Heading into the second half with a fresh slate, the Heat never treated it as such. The Celtics immediately jetted out to a 13-0 run which ballooned to a 20-5 charge to open the third quarter and they didn’t look back from there. 13 third-quarter points from Dragic prevented the Heat from being completely blown out, but Tatum’s 17 third-quarter points were far too much to overcome.
Boston would win the final period 29-25 and cruised to a 121-108 win to bring the series to a 3-2 Miami lead. Brown drilled a pair of clutch triples in the middle of the quarter that all but put the Heat away for good. The Celtics turned the ball over just 11 times in Game 5 compared to 19 in Game 4, while also holding the Heat to a pitiful shooting clip of 19.4 percent from beyond the arc for the night (7-36).
Adebayo finished his evening with 13 points, eight rebounds, and eight assists, but despite his tidy stat line, took the majority of the blame for Miami’s loss.
“I played like s—t. Bottom line,” Adebayo said after the game, according to Malika Andrews. “I put that game on me. Not my teammates’ fault. Not my coaches’ fault. Me.”
The former Wildcat took just 11 shot attempts, making five of them, but early foul trouble hurt his rhythm. Herro came alive in the second half, adding another 12 points to finish with 14 for the game, but his efforts came too late. Through 14 playoff outings, Herro has managed to hit double-figures in scoring during all of them.
After not making an appearance in Games 1 or 4 and playing just 16 total minutes during Games 2 and 3, Kanter’s 10-minute run during Game 5 was his most impressive of the postseason yet. While he didn’t play longer than 60 seconds during the second half, his impact during his first stint was heavily felt by the Celtics and provided a major boost while his team battled with establishing its offense.
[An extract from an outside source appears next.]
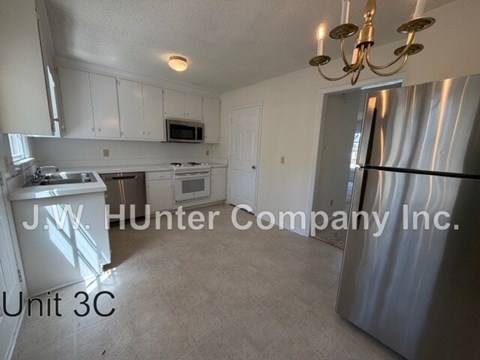 A kitchen with white cabinets and a stainless steel refrigerator.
Game 6 is set for Sunday night.
Other notes across the NBA
- READ: Los Angeles Lakers guard and a native of Louisville, KY, Rajon Rondo, opened up to The Undefeated’s Marc Spears to talk about the Breonna Taylor situation and how it has affected him and his 13-year old daughter. It’s definitely worth the read.
|Tyler Herro (MIA)||108-121 L @ BOS||14||6-12 (2-5)||3||1||0||0||2||-10||29|
|Bam Adebayo (MIA)||108-121 L @ BOS||13||5-11 (0-0)||8||8||1||1||2||-15||38|
|Enes Kanter (BOS)||121-108 W vs. MIA||8||4-7 (0-0)||4||2||0||0||0||+3||10|
WESTERN CONFERENCE FINALS – LAL leads 3-1
9:00 (TNT):  Nuggets (Murray) @  Lakers (Davis, Rondo)
For the third consecutive series, the Denver Nuggets will have to overcome a 3-1 deficit.
Later on Saturday, the Los Angeles Lakers will look to do something that the Nuggets’ two previous opponents couldn’t do: finish off Denver when they had the chance. Thanks to 60 combined points from Anthony Davis and LeBron James in Game 4, the Lakers were able to fend off a Nuggets comeback and are now on the brink of the franchise’s first NBA Finals appearance since 2010. Late on Friday evening, Davis’ status for Saturday’s game was updated to “questionable” after he suffered a sprained left ankle in the fourth quarter of Game 4. While he didn’t check out of the game at the time, he was in serious pain when it occurred and will likely play Game 5 not at 100 percent.
“I’m good enough to play,” Davis said. “I rolled it pretty bad but not too bad. I’ll be fine.”
Jamal Murray, who poured in 32 points and eight assists for Denver in Game 4, will have to repeat his performance again on Saturday, hopefully with some added help from Nikola Jokic this time around. Jokic dealt with foul trouble going up against Dwight Howard in Game 4, culminating in just 16 points. Murray can’t be Denver’s sole source of offense down the stretch.
It should be another exciting game to watch.